Short descriptive text snippets:
#####

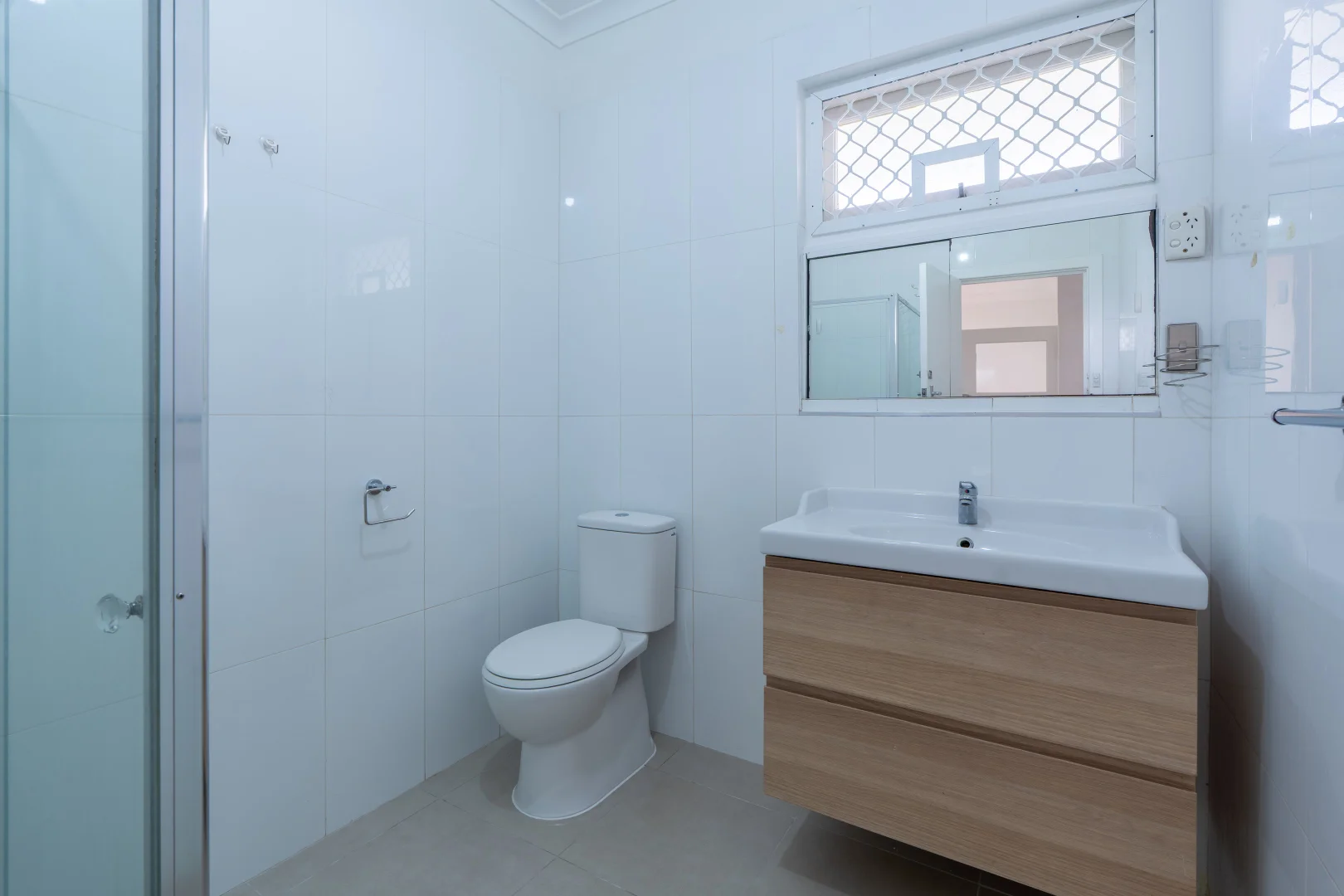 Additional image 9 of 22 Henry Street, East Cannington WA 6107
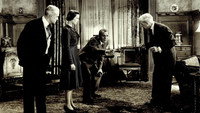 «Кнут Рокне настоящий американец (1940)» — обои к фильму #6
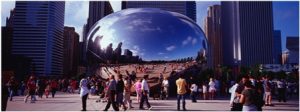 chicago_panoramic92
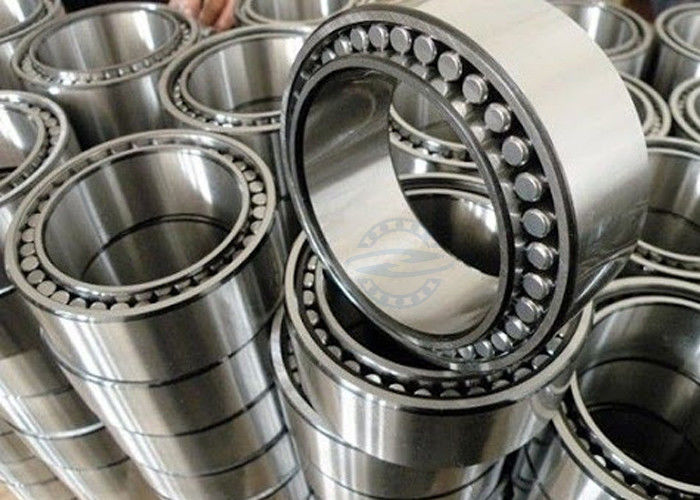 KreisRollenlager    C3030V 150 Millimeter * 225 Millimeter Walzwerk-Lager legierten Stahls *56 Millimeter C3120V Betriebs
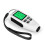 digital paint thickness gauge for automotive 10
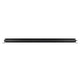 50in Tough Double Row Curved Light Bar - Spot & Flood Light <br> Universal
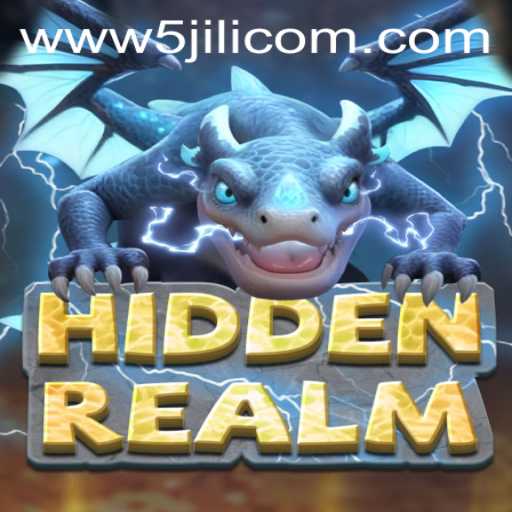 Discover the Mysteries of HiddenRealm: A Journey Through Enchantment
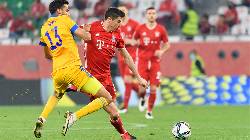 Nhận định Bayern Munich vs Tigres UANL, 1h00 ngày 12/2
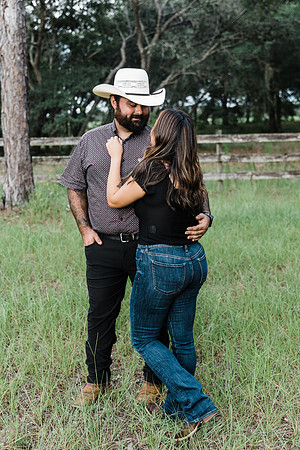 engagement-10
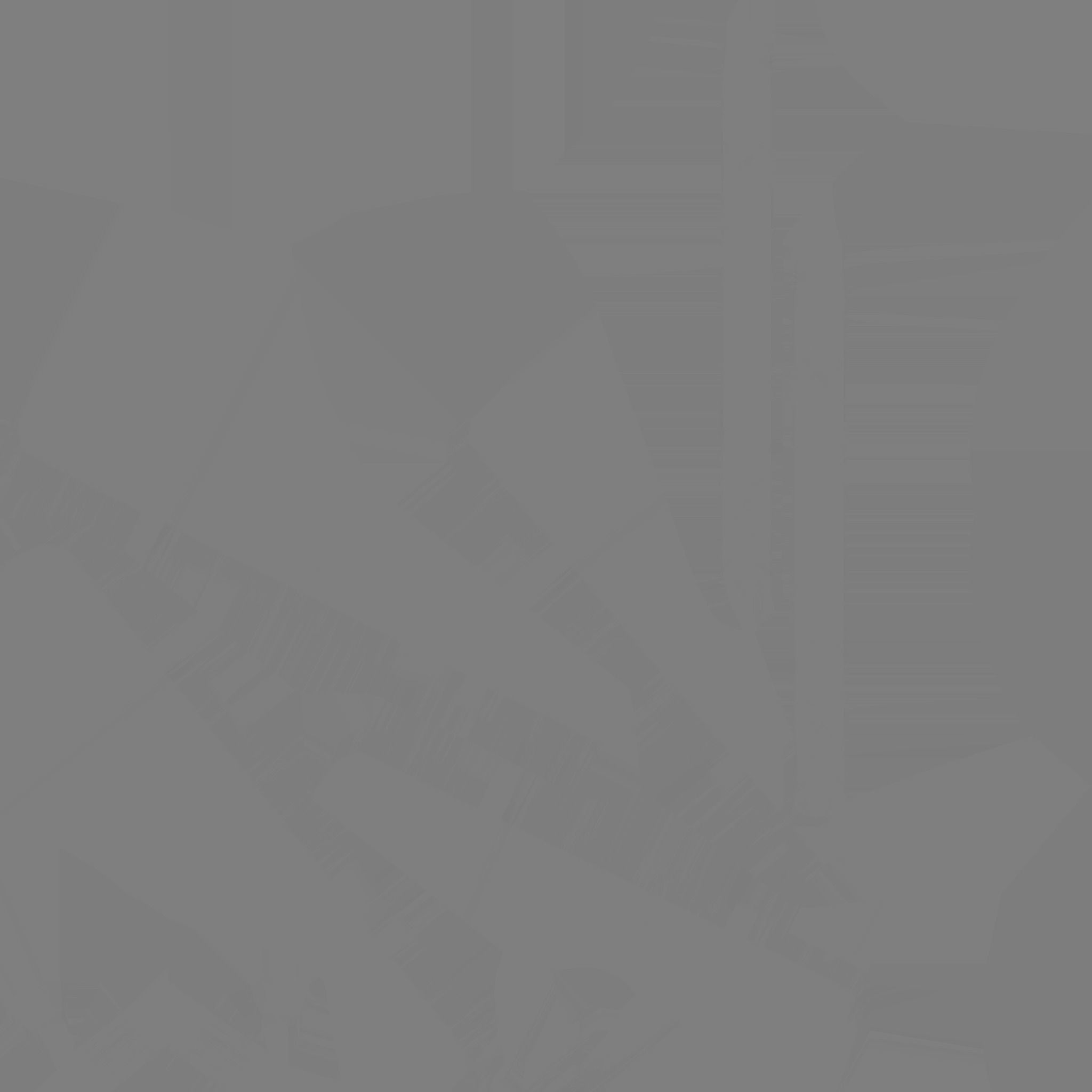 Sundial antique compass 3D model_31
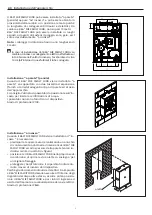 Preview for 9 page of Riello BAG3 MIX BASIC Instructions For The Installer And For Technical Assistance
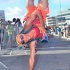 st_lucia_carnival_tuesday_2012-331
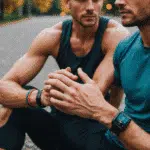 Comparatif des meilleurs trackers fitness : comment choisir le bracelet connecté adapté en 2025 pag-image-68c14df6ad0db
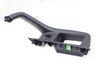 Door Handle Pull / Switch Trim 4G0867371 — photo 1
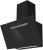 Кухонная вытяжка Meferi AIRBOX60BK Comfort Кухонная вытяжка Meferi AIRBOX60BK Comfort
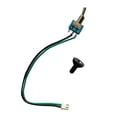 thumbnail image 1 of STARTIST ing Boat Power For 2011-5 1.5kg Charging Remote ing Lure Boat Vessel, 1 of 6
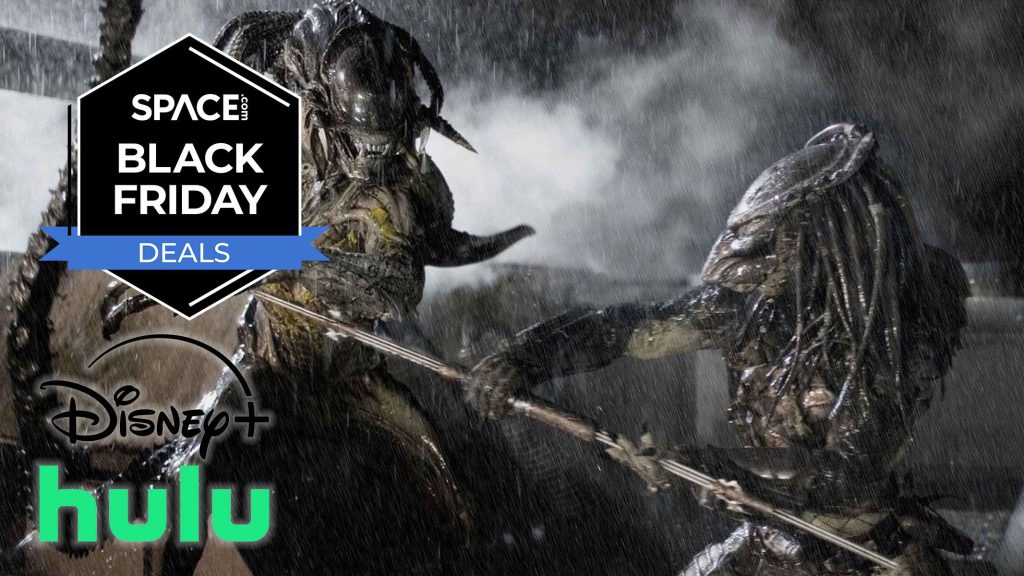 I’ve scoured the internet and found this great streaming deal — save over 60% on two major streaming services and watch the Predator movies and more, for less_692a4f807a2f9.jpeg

#####

Required work: Repeat exactly the lines from the first line of the records above through the line containing "Discover the Mysteries", leaving out the pictures.

Written solution:
 Additional image 9 of 22 Henry Street, East Cannington WA 6107
 «Кнут Рокне настоящий американец (1940)» — обои к фильму #6
 chicago_panoramic92
 KreisRollenlager    C3030V 150 Millimeter * 225 Millimeter Walzwerk-Lager legierten Stahls *56 Millimeter C3120V Betriebs
 digital paint thickness gauge for automotive 10
 50in Tough Double Row Curved Light Bar - Spot & Flood Light <br> Universal
 Discover the Mysteries of HiddenRealm: A Journey Through Enchantment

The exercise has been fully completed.